Peter Yama dodges electoral bribery charge

Unprecedented violence, fraud and intimidation “hijacked” the 2017 national election. There was ‘widespread fraud and malpractice, and extensive vote rigging’ says Nicole Haley, an associate professor at the Australian National University and the lead author of an in depth study into the election.

It is against this backdrop that on 3 October 2018 two election officials were convicted by the National Court, after they failed to report a corrupt gratification they had received from a candidate during the vote count for the Madang Provincial Seat.

John Tumaing confessed to receiving K50 from the candidate, and Nixon Kavo, admitted to receiving K500.

Under the Criminal Code both men were duty bound to report this corrupt gratification to a law enforcement officer. They failed in this duty. As a result they were convicted under s97C(1) of the Criminal Code, and each was sentenced to 9 months imprisonment.

However, the candidate named by the National Court as having provided this corrupt gratification, has not been charged by police. The candidate is the Madang Governor Mr Peter Yama.

It is highly irregular that two men who received the corrupt payments have been arrested, charged and convicted, while the man alleged to have made those corrupt payments, has not been arrested and charged?

This it particularly galling when, according to the judge, it was the candidate who was responsible for initiating the payments and who put the two election officials ‘in a difficult position’. ‘There is an appearance that they are scapegoats’ said the judge.

Mr Yama is a serial litigator whose murky past has previously featured in a five-part investigation published by PNGi.

In that exposé we revealed that Yama has seemingly evaded police investigation and criminal charges on a number of occasions. Indeed, in 2010, the senior Australian journalist Rowan Callick described Yama as the ‘policeman turned security godfather turned politician’ who appears ‘untouchable, capable of pulling strings in every quarter’.

In 2004, when the Supreme Court found company records produced in a court case filed by Peter Yama were forged, it recommended the matter be referred to the police for further investigation.

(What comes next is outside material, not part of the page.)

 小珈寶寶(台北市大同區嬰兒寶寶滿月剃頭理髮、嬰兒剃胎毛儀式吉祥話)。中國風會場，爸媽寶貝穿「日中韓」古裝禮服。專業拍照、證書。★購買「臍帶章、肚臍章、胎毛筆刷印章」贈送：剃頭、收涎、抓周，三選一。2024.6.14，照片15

Similarly, in 2009, the Commission of Inquiry into the Department of Finance recommended Peter Yama be referred to the police for making ‘an unlawful claim’. 

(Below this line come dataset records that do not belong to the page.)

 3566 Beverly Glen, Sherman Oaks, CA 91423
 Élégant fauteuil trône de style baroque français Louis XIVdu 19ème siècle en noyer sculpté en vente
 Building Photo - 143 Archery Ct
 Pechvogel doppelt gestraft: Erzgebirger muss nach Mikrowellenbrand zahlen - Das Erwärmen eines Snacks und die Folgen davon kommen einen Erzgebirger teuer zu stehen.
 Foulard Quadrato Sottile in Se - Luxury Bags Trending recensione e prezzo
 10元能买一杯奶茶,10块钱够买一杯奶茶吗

There is no evidence on the public record the police ever followed up on either matter.

This stands in stark contrast to events in 2013, when Peter Yama was convicted for threatening to kill police officers in a fracas outside the Madang court house (which, incidentally, was also related to a election vote count).

At his trial in this matter, several police officers gave evidence that Yama had threatened to kill them. One of them testified that Peter Yama had said ‘if anything goes wrong, you Ramu Police will be the first guys to be held responsible. I got some high-powered firearms, which I will use to shoot you’.  Yama did not deny the accusations and was sentenced to six months jail.

So, the RPNGC has shown before it can, when it wishes, stand up to powerful men like Mr Yama, so why have they not done so in the current case of electoral corruption?

It is time for the police to demonstrate they themselves have not been corrupted and are committed to upholding the rule of law and treating everyone equally.  Mr Yama must be arrested and charged.

At stake is not only the reputation of the police force but also any faint hope that in 2022 we might see a free and fair election.